During the time that I attended Marquette University, its archaeology program was partnered with a local CRM firm for the fieldwork project, so my first fieldwork experience was on a mitigation site. As is common knowledge, what projects a CRM firm finds themselves involved with at any given point depends on project availability and numerous other factors, so the archaeological site my field school took place at was a sort of “luck of the draw” situation. We learned the basics of our trade on a very small (about 10m x 10m) plot on the grounds of an industrial park that was slated to expand its facilities (hence the mitigation) in southeastern Wisconsin. Over the course of the four weeks of training, we learned about troweling techniques, profiling, Munsell colors, record keeping, and all the other vital practices that are the foundation of the responsible fieldwork, from two very attentive and detail-oriented instructors. We also learned – the hard way – another invaluable lesson inherent to the nature of archaeology:
Sometimes you don’t find anything!
The entire four weeks’ worth of excavations yielded three tiny lithic flakes. Three! And I wasn’t one of the lucky students to find any of the three. So, ok, we found something, but there was nary a feature in sight, and very little even in the way of stratigraphic differentiation. We had very little to go on for material that would aid us in the actual interpretation of the site (would you even call that a site?). Our instructors ended up creating a faux feature in a wheelbarrow, towards the end of the field school so that we could have some hands-on experience bisecting one. I’m happy to say that every site I’ve worked on since has been much more prolific and that, if anything, my “learning by doing” process in graduate school has become one of working with more material than I know what to do with, instead of the opposite. That’s no less challenging in its own way, but it’s a problem I’ll take any day!
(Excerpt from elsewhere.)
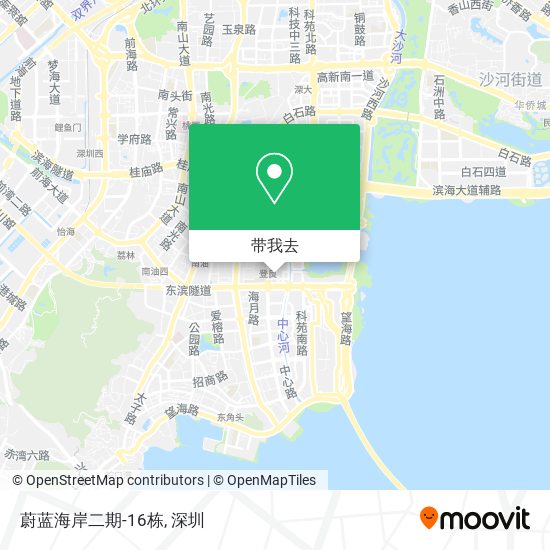 蔚蓝海岸二期-16栋地图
Attending a field school offers valuable experience in archaeological technique and theory. I decided to attend a field school after my college graduation in order to gain more experience before graduate school. At the time I was employed with an archaeology firm, but wanted the opportunity to travel and gain experience in archaeology outside of a Midwest perspective.
The field school I attended was located in Spain and was an excavation of a Roman necropolis with stone laid tomb burials. Working in a different environment than I was used to called for adjustments in my usual archaeological excavation techniques. For example, instead of shovel, pickaxes were required to move through the rock-like soil, and preservation of bone was minimal. These differences gave me an opportunity to learn alternative techniques in excavation, recovery, and analysis through hands-on experience. And, although challenging at the time, overall it was a rewarding experience.